Uma guarnição da 66ª Companhia Independente de Polícia Militar (66ª CIPM), sob o comando do Sargento Cotias, foi acionada e deslocou-se na tarde de hoje até o cemitério para averiguar a situação. Chegando lá, ficou comprovado que os corpos foram trocados e o corpo de Maria Luiza foi retirado da sepultura, sendo portanto guiado para um novo sepultamento, desta vez no cemitério Jardim Celestial. Familiares da outra mulher foram portanto informados que o corpo desta se encontrava no necrotério do HGCA. 

O sargento Cotias, considerou a situação porquê constrangedora e na opinião dele, houve negligência culposa da pessoa responsável por liberar os corpos no HGCA. Ele disse que o erro foi percebido por um dos filhos de Maria Luiza e considerou o roupa gravíssimo.

“Teve que ter interferência da Polícia Militar, para convencer as partes de que houve um erro grave. O caixão foi tirado para entregar a outra família, sendo que a família que enterrou Maria Luiza, o corpo da mulher ainda se encontra no HGCA. Peço aos responsáveis por nascente trabalho que tenham maior cautela, pois é uma situação constrangedora”, afirmou.

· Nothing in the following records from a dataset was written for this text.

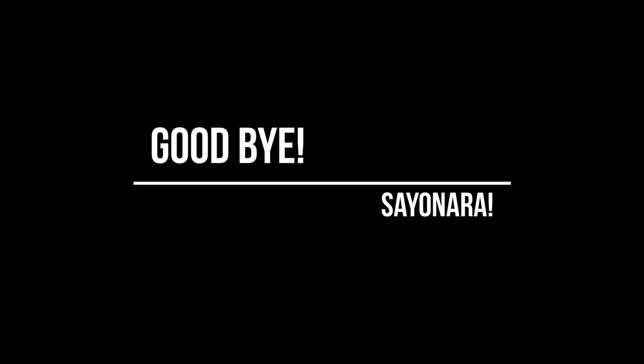Thank you for coming on this trip with us today. In Japanese, you would say arigato — thank you. And goodbye. In Japanese, you would say sayonara. Bye-bye!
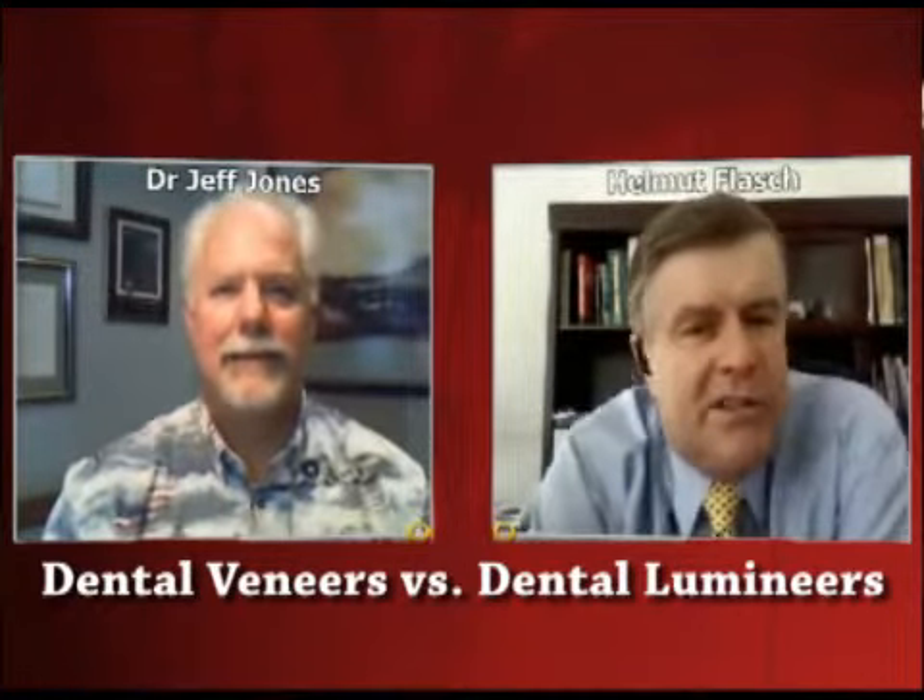Dr. Jones, a lot of people - at least I do - are sometimes a little confused about veneer and lumineer. What is the difference there? To me, they all seem like clip-on fingernails, clip-on tooth nails. But tell us what's the difference.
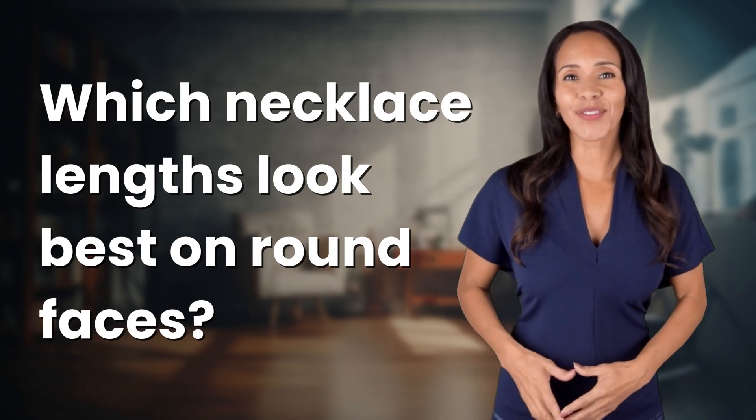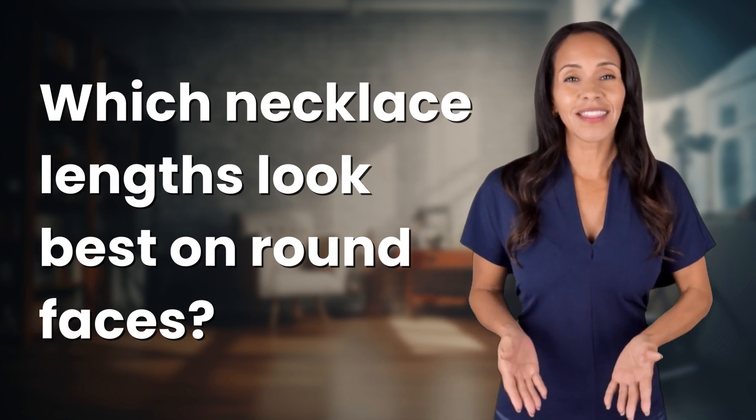Hey Curious Minds! Ready to turn your questions into knowledge? Let's dive in!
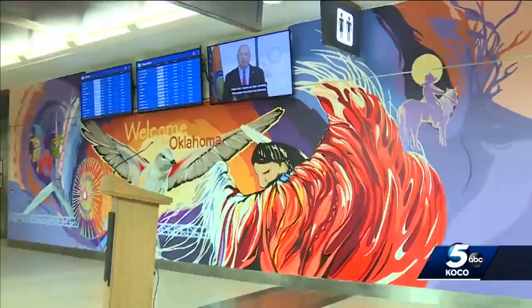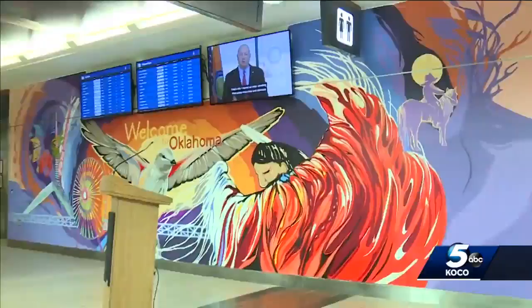We don't define who we are as a state, 49 other states will define it for us. You can find the mural in the lower level baggage claim area. It's nearly 30 feet wide and almost 9 feet tall. Officials say it will be seen by about 6,000 people a day.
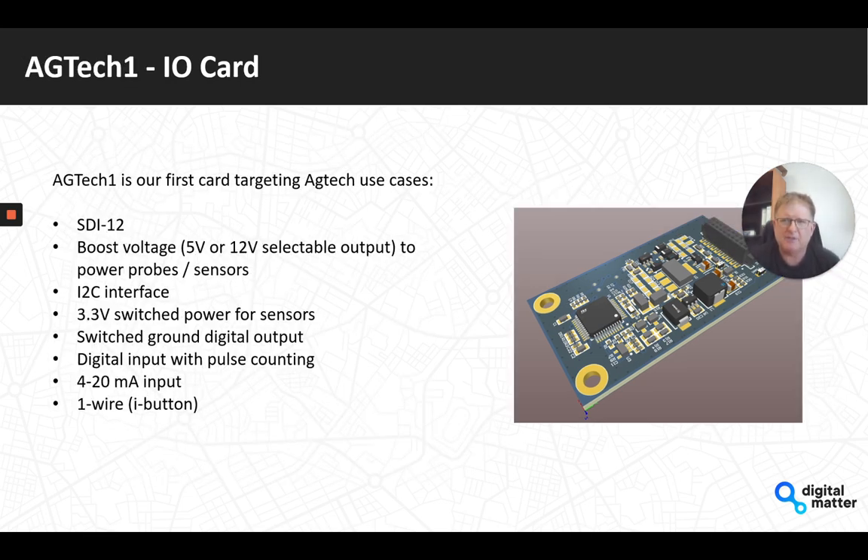The first card we're working on is the AgTech card. As the name suggests it targets AgTech use cases, but any of its interfaces can be used in other scenarios. It's quite comprehensive: SDI-12 for any SDI-12 sensor, a voltage boost with selectable 5V or 12V output to power probes and sensors, I2C interface for temperature and humidity monitoring, 3.3V switched output power for I2C sensors, a switched-ground digital output to turn things on and off, a digital input with pulse counting, 4–20 mA input, and a one-wire/I-Button input. We'll be working on subsequent cards after this.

O sargento disse que o laudo da morte de Maria Luiza consta que a culpa do óbito foi covid-19, mas a família não confirma essa informação.

Segundo o hospital, o rebento da outra Maria fez o reconhecimento e a funerária fez a remoção. A unidade vai apurar o caso e ouvir todos os envolvidos. Vale sobresair que para evitar trocas, o Hospital Universal Clériston Andrade desenvolveu um saco com uma segmento transparente para mostrar o rosto da pessoa.   Uma funcionária do hospital, que também é modista, confeccionou muro de 80 sacos porquê o da foto supra.

Nota de Explicação

O Hospital Universal Clériston Andrade (HGCA) lamenta o roupa ocorrido na troca de corpos de duas pacientes vítimas de COVID neste domingo. A direção da unidade esclarece que os corpos estavam muito identificados, sendo a única coincidência o primeiro nome: “Maria”. O rebento de uma das vítimas fez o reconhecimento e a funerária a remoção do corpo. Protocolo estabelecido justamente para controlar nascente tipo de situação.

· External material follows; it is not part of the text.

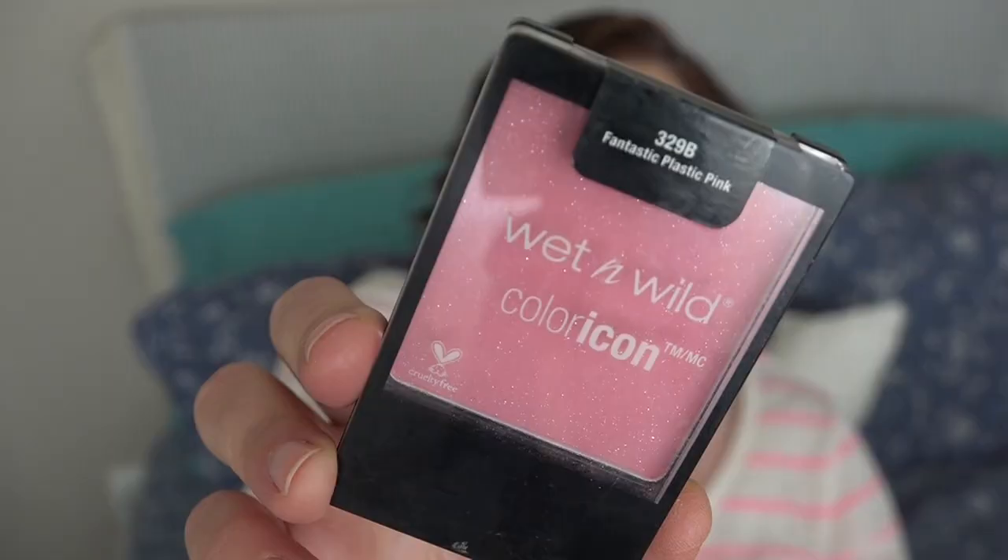The last one is Fantastic Plastic Pink and it has just a bit of shimmer in it as well. I really like to have shimmer on my cheeks — I think it's pretty. Some people really like a more matte blush, but give me all the shimmer.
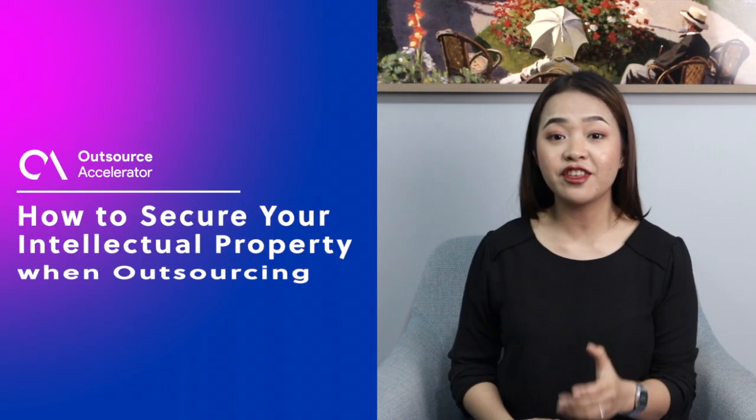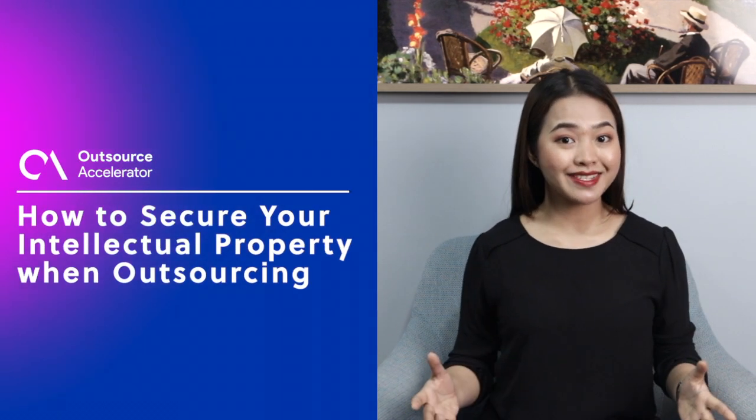Hi and welcome back to the channel. I'm Trisha from Outsource Accelerator and in this video, we share five essential approaches that you can apply to safeguard your intellectual property and maintain your competitive edge when outsourcing development.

Uma outra medida adotada pelo hospital para evitar troca de corpos de vítimas de COVID, foi o desenvolvimento de um saco com uma segmento transparente para mostrar o rosto da pessoa (ver imagens aquém).   Uma funcionária do hospital, que também é modista, já confeccionou muro de 80 sacos específicos para pacientes com COVID. A unidade vai apurar o caso e ouvir todos os envolvidos. 

Ascom HGCA

 

Com informações do repórter Ed Santos do Acorda Cidade.